Your instructions =
Gather each line in the entries that includes the string "Drive".

Data shown =
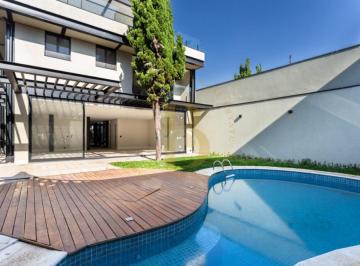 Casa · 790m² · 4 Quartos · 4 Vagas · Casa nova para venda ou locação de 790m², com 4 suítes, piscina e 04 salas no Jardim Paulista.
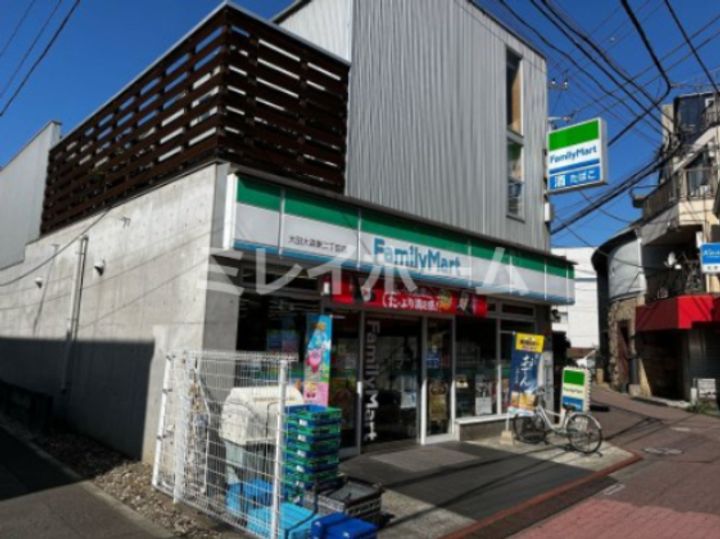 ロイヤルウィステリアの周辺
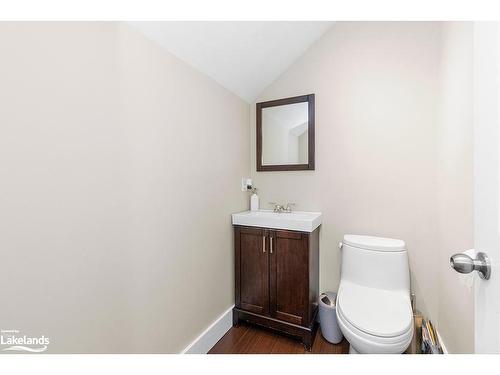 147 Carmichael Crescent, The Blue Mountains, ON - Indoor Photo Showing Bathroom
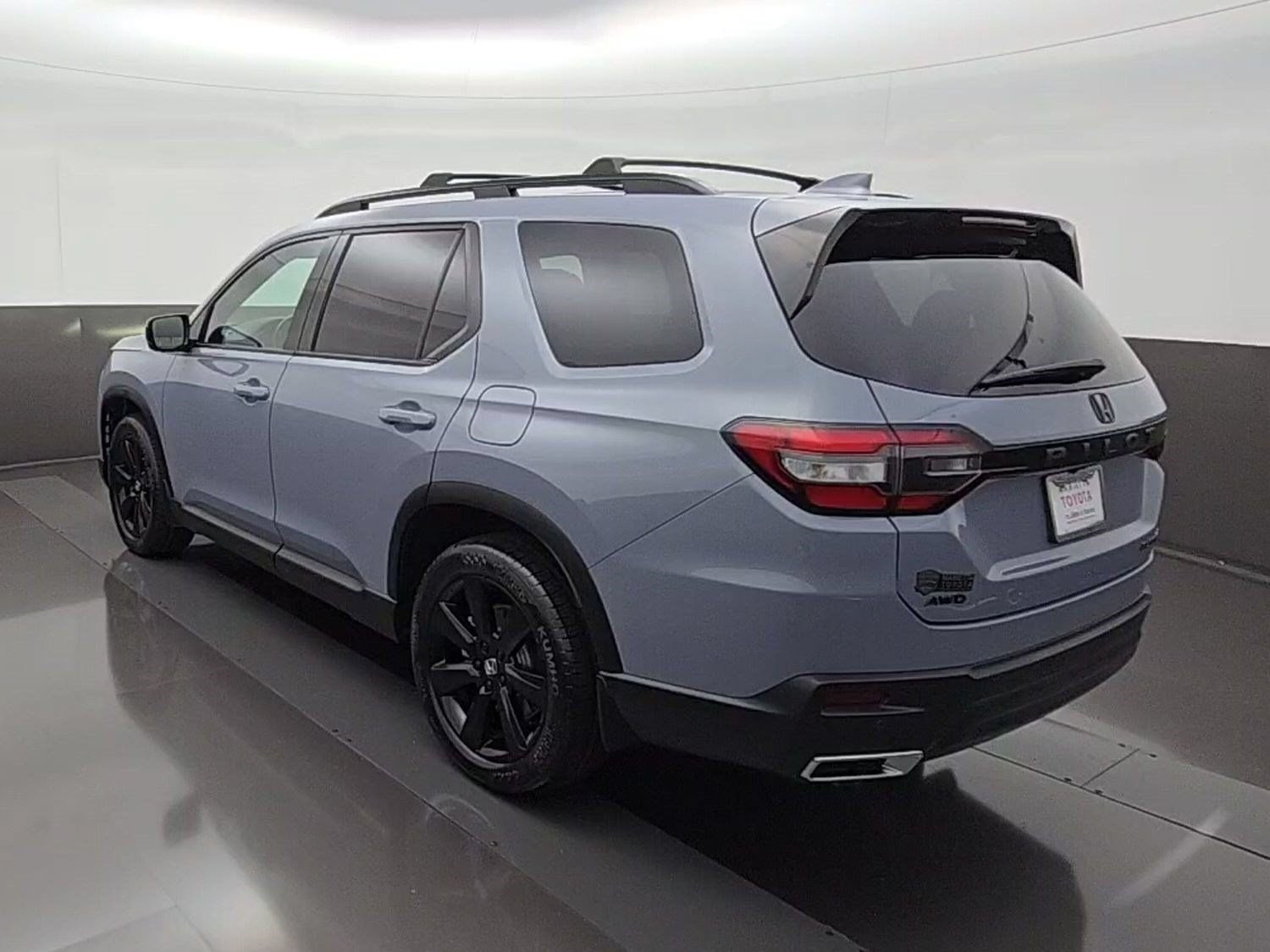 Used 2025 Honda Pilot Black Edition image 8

==

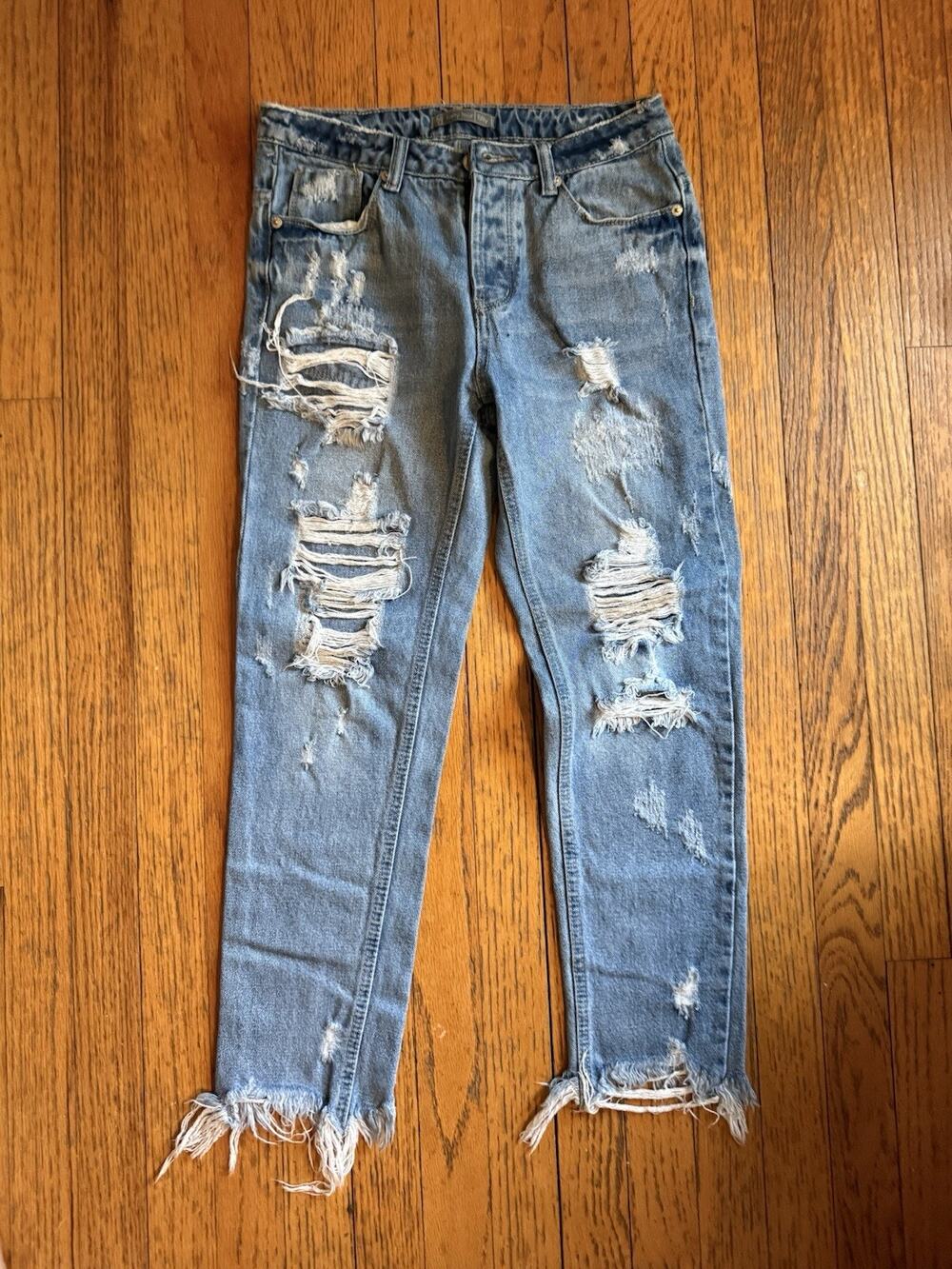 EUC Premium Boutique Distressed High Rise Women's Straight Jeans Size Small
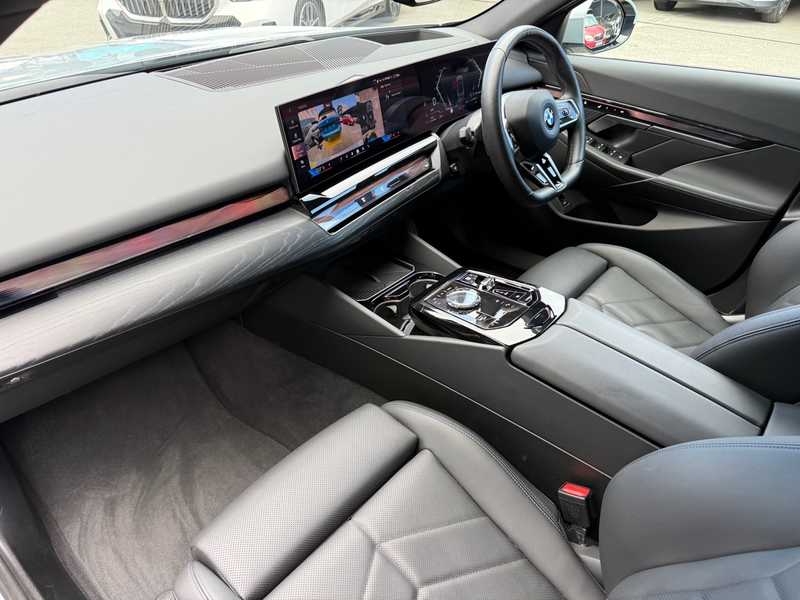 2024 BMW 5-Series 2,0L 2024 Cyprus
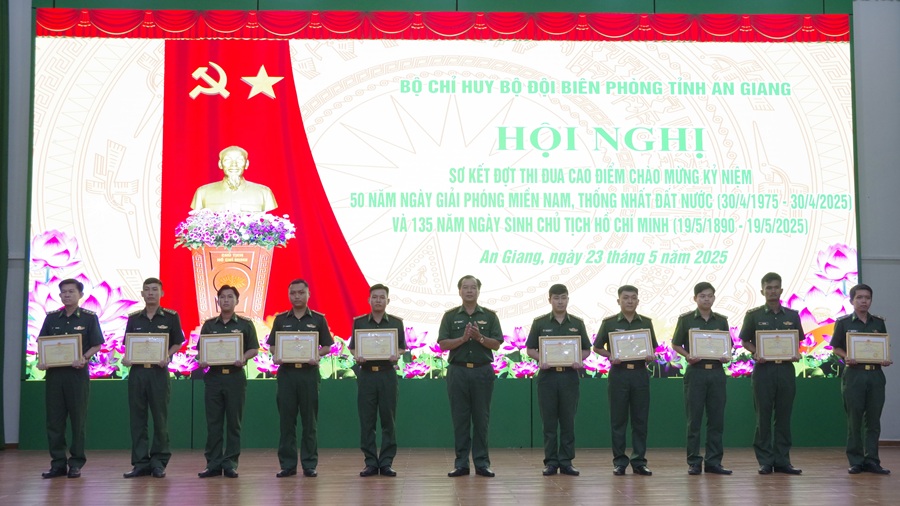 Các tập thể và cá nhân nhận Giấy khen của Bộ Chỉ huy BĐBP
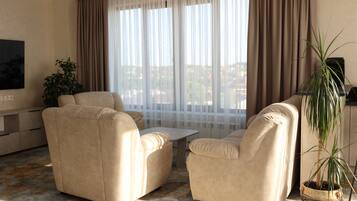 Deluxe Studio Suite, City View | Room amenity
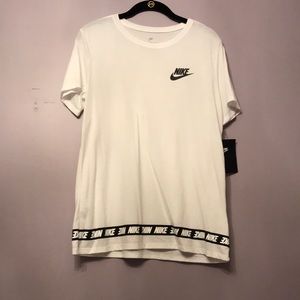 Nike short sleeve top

* * *

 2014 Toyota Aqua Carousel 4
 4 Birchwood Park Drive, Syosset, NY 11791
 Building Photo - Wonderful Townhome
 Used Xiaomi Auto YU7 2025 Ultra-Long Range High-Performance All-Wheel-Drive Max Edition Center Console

Exercise result =
 4 Birchwood Park Drive, Syosset, NY 11791
 Used Xiaomi Auto YU7 2025 Ultra-Long Range High-Performance All-Wheel-Drive Max Edition Center Console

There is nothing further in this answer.